The Problem: In years past, I've used an incandescent bulb to help keep the two chickens in my backyard warm though the cold New Hampshire winters (the top's of their heads, their combs, get frostbit when it gets really cold). Just enough light would filter out of the coop so that I could tell from the view from my kitchen that the light was on, keeping the chickens warm. The downside is that the extra light throws off their bodies' natural rhythm, so this year I'm want to use a ceramic heater bulb, the kind you might use in a reptile terarium. It gives off no light, so I don't have a good way to tell if the heater is functioning. I need a way to measure the temperature of the coop.
Solution: Design and build a temperature sensor PCB for the inside and outside of the coop automatically send the results to my computer.
I chose the ESP8266 to be the main microcontroller for this project. It's one of the hottest (and easiest) Internet of Things microcontroller on the market today. Originally developed as an easy solution for adding WiFi to existing projects, its actually a powerful microcontroller itself, able to act as both a ethernet client or server for your next DIY electronics project. Its supported as an Add-On board for your Arduino environment.
The easiest way to get started is with the Adafruit HUZZAH ESP8266 Breakout board, which can be had for under $10 dollars
The custom PCB is compatible with the Adafruit HUZZAH ESP8266 Breakout. We'll go into a detailed explanation of the design of this board next, or you can jump right to the sections your may be interested in:
The daughter board is really an easy way to hook up multiple temperature-sensitive resistors to the analog-to-digital converter of the ESP8266. For this chicken-coop project, we need to measure the inside and outside temperature. The daughter board supports measuring up to 4 temperatures.

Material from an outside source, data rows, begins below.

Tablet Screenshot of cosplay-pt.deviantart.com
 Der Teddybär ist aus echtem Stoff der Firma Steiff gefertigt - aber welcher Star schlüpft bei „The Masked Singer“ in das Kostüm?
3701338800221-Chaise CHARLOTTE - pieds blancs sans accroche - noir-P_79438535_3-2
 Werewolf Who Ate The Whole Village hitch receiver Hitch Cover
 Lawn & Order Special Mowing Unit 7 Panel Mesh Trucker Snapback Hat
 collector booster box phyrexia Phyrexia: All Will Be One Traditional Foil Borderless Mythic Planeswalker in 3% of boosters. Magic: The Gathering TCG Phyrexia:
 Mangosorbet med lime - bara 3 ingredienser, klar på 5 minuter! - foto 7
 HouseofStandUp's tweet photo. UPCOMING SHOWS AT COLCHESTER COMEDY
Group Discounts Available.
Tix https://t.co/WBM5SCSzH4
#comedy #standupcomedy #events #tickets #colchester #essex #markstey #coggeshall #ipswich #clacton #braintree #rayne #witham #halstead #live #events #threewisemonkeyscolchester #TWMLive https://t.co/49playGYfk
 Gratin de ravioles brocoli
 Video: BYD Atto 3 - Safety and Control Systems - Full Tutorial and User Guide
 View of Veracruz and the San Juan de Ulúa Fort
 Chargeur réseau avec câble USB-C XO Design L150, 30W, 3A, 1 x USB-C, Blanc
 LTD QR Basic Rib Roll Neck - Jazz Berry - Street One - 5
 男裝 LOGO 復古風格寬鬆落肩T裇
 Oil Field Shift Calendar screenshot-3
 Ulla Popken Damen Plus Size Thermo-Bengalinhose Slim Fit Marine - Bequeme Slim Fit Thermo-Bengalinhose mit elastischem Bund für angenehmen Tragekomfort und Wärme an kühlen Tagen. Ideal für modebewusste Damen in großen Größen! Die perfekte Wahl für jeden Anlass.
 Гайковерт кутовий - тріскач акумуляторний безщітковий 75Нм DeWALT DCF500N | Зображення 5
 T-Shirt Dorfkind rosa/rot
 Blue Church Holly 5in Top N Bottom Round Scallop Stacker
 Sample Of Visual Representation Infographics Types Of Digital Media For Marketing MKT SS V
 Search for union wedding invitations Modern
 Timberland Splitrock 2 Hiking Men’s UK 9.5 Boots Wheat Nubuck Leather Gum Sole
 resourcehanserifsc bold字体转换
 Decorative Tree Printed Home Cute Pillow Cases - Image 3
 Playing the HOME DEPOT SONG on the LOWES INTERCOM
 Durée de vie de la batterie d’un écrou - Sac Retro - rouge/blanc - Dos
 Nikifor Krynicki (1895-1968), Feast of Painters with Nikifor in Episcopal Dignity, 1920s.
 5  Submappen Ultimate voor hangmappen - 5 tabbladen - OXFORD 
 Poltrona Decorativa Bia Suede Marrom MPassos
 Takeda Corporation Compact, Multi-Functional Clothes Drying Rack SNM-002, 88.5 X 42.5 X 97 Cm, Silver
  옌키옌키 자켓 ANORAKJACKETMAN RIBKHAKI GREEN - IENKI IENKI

Since we only have two temperatures to measure, we'll need two 10K Precision Epoxy Thermistors from Adafruit
You'll need a way to talk to the ESP8266 and program it. I used the SparkFun USB to Serial Breakout - FT232RL
We want to be able to have this setup run off the grid. This 6V 3.4W Solar panel - 3.4 Watt Panel is a reliable solar panel that's available from Adafruit for $39
We want to be able to run the sensor at night. The sensor also consumes about 200mA, which is at the upper limit of the solar panel. So we'll setup this project to use a battery as its primary power source, and use the solar panel to charge the battery. This will let the sensor run through the night and in cloudy weather and when its shady. Adafruit offers a variety of batteries of different capacities. The Lithium Ion Polymer Battery - 3.7v 2500mAh is a large-ish battery that will work for this project and many others for $14.95
To charge the battery, we need a charging circuit. The USB LiIon/LiPoly charger at only $12.50 from Adafruit is a versitile solution for this project, and just like the battery, many other projects you might want to do.